> Provided material:

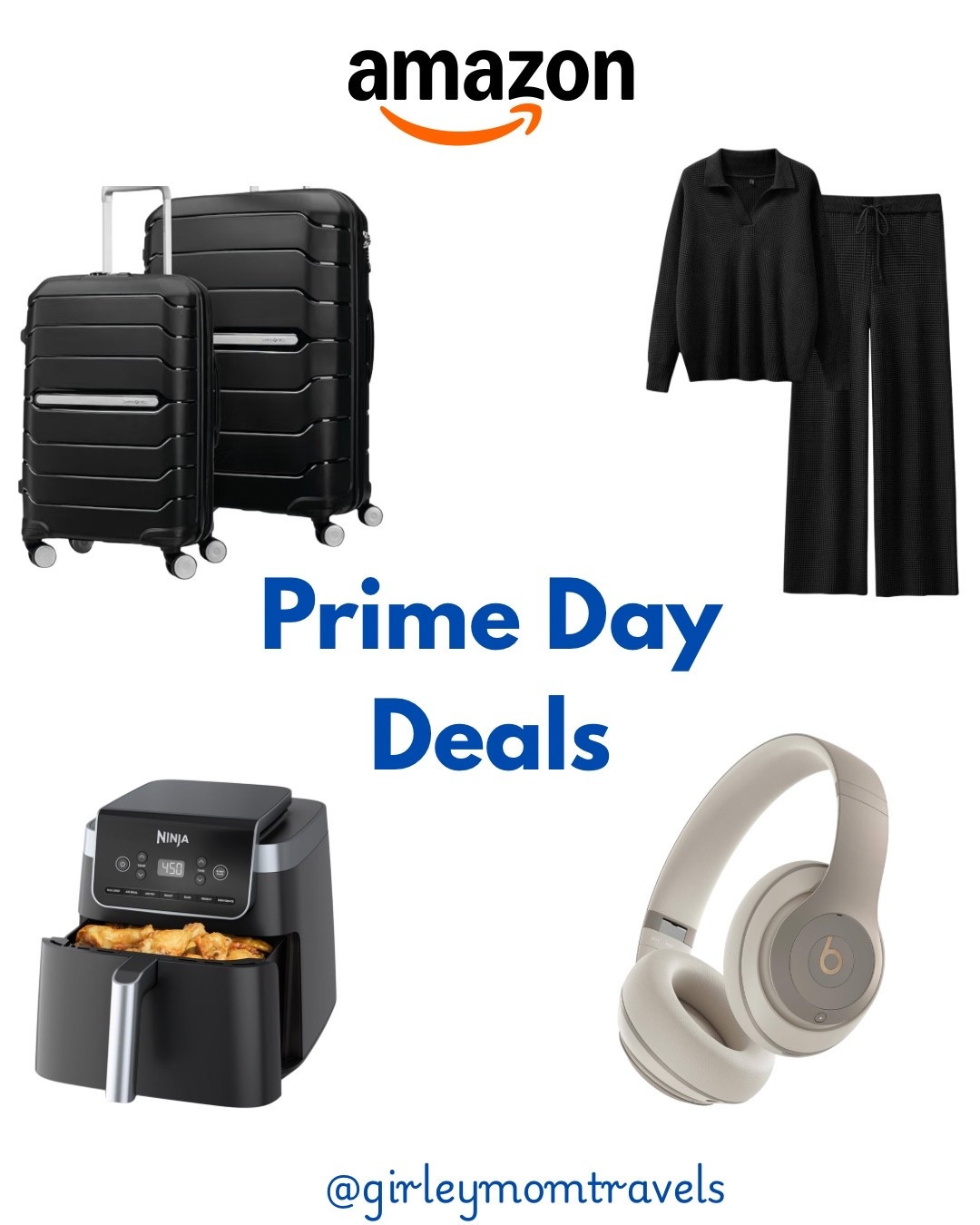 Amazon Prime Day Deals. Incredible savings on my tried and true suitcases. Too many miles to count! 2 Piece travel outfit for comfort and style.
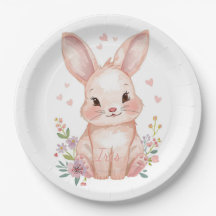 Forest Animal Baby Shower Decor Pink Bunny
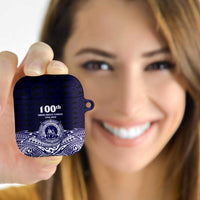 Tonga Queen Salote College 100th Years AirPods Case Blue Tonga Kupesi Uniquely Pacific Art LT9 - Polynesian Pride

> Task details: With pictures left out, extract the lines from the one containing "Forest Animal Baby Shower Decor Pink Bunny" to the end of the material above, both included, exactly as written.

> Answer below:
 Forest Animal Baby Shower Decor Pink Bunny
 Tonga Queen Salote College 100th Years AirPods Case Blue Tonga Kupesi Uniquely Pacific Art LT9 - Polynesian Pride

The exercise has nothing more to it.